The Two Parts

Numerator and Denominator

A fraction has two parts:

- The denominator (bottom number) tells you how many equal pieces something is divided into

- The numerator (top number) tells you how many of those pieces you have

Think of a pizza cut into 8 equal slices.

If you eat 3 slices, you ate 3/8 of the pizza.

The 8 tells you how many slices total. The 3 tells you how many you took.

If someone eats the whole pizza, that is 8/8 — which equals 1 whole pizza.

If nobody eats any, that is 0/8 — which equals 0.

Pizza Slices

Your Turn

Picture a pizza cut into 8 equal slices.

You eat 3 slices.

Same Amount, Different Look

Equivalent Fractions

Here is something that surprises a lot of people: different fractions can represent the exact same amount.

Imagine cutting a pizza in half — you get 1/2 of the pizza.

Now imagine cutting that same pizza into 4 slices and taking 2 — you get 2/4 of the pizza.

And if you cut it into 8 slices and take 4 — that is 4/8 of the pizza.

1/2 = 2/4 = 4/8

They look different, but they are the same amount of pizza. These are called equivalent fractions.

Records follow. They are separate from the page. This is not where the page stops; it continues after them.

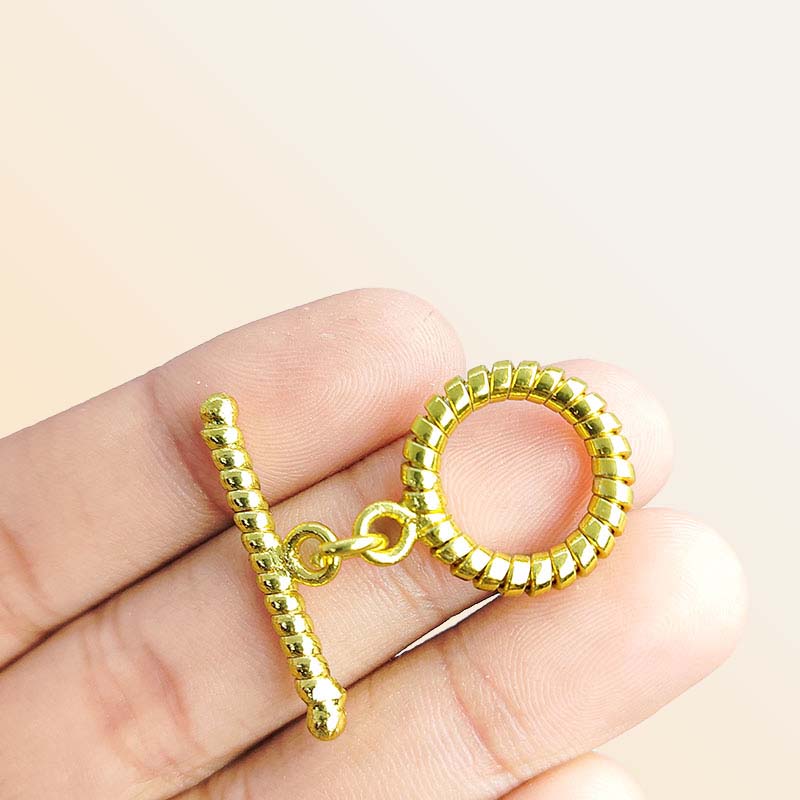 Handmade 18K gold plated grooved toggle clasp with polished finish, crafted in India for bracelets and necklaces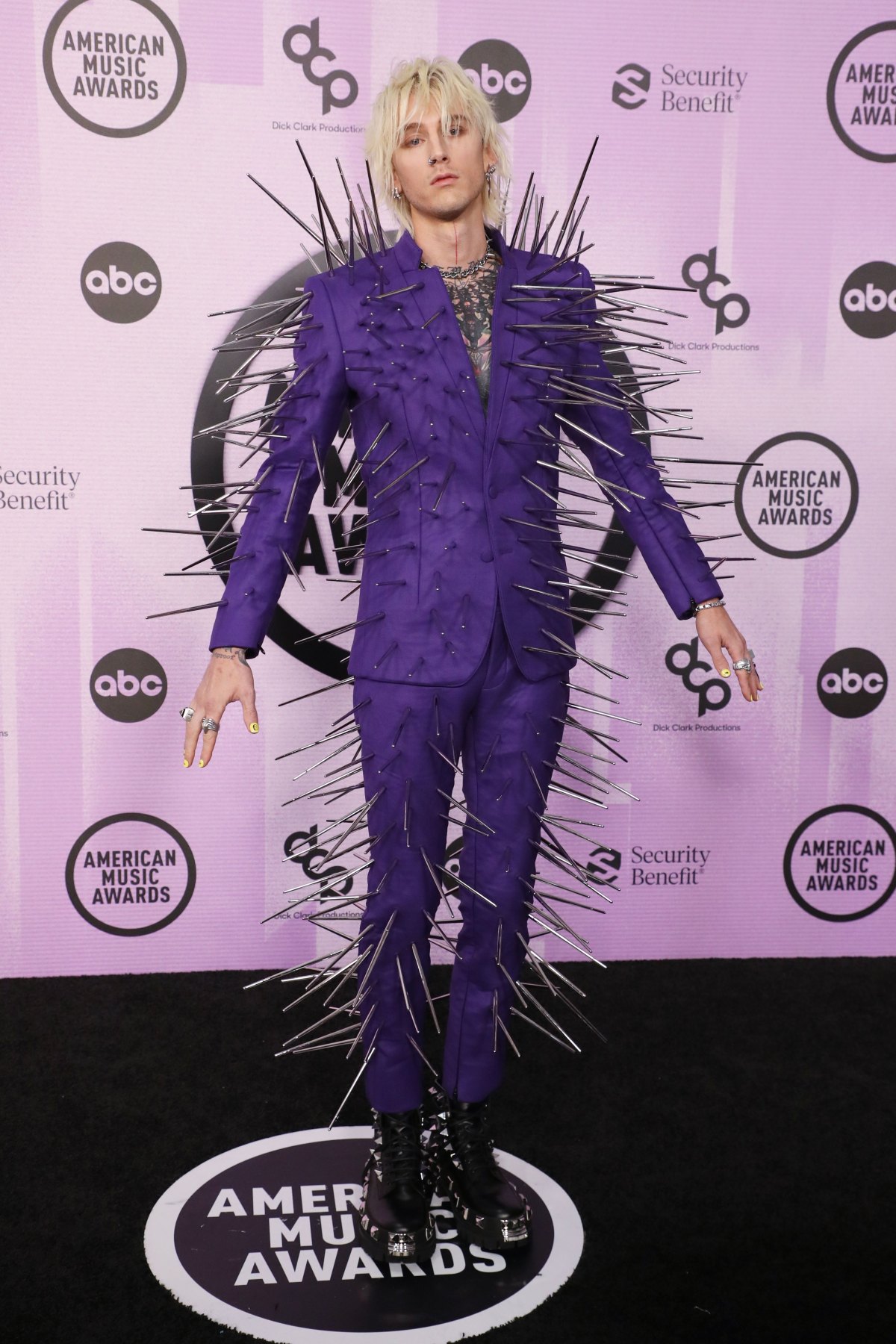 Mgk Rug MGK’s Crazy Outfits Pictures: Photos of His Daring Clothes | Life & Style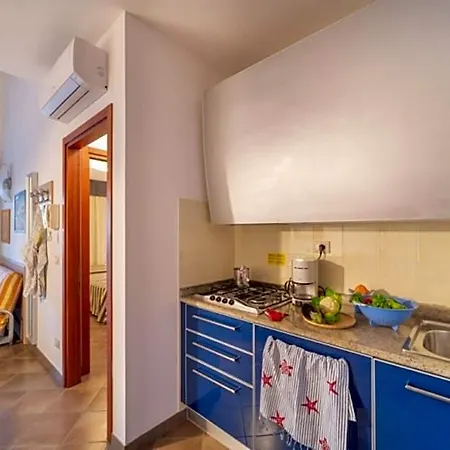 Spacious On 2 Levels With Balcony *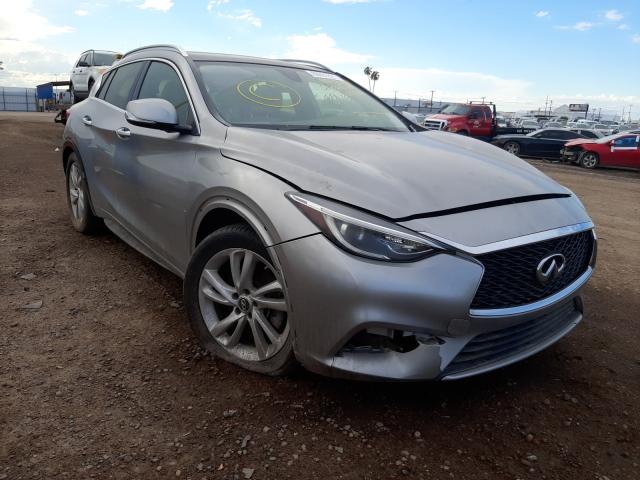 Infiniti Qx30 base (2017)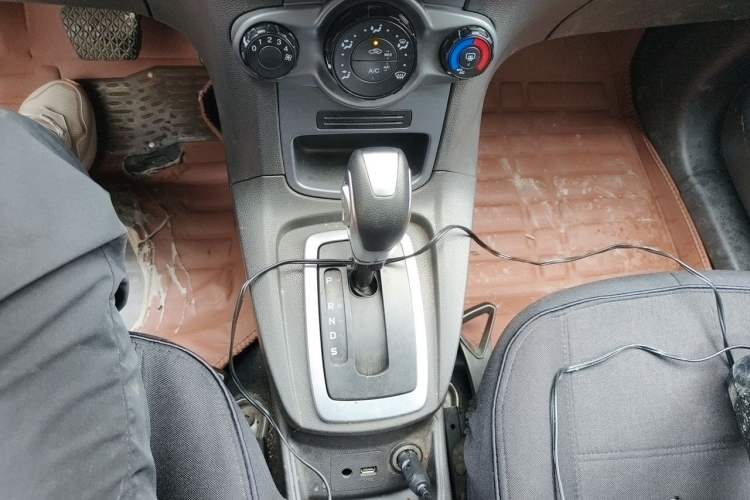 Used Ford Fiesta 2013 Hatchback 1.5L Automatic Fashion Edition Gear Lever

The trick: if you multiply (or divide) the numerator AND the denominator by the same number, the value does not change.

- 1/2 × 2/2 = 2/4

- 1/2 × 4/4 = 4/8

- 6/9 ÷ 3/3 = 2/3

Are They Equal?

Your Turn

Look at these two fractions: 2/3 and 4/6.

Same Denominator — Easy

Adding Fractions with the Same Denominator

When two fractions have the same denominator, adding them is simple: just add the numerators.

1/5 + 2/5 = 3/5

Why? Because both fractions are counting the same-size pieces (fifths). One fifth plus two fifths equals three fifths — just like 1 apple plus 2 apples equals 3 apples.

The denominator stays the same. You do NOT add the denominators.

- 1/5 + 2/5 = 3/5 (correct)

- 1/5 + 2/5 = 3/10 (WRONG — a common mistake)

Different Denominators — The Key Step

Adding Fractions with Different Denominators

What about 1/4 + 1/3?

You cannot just add the numerators because the pieces are different sizes — fourths and thirds are not the same thing.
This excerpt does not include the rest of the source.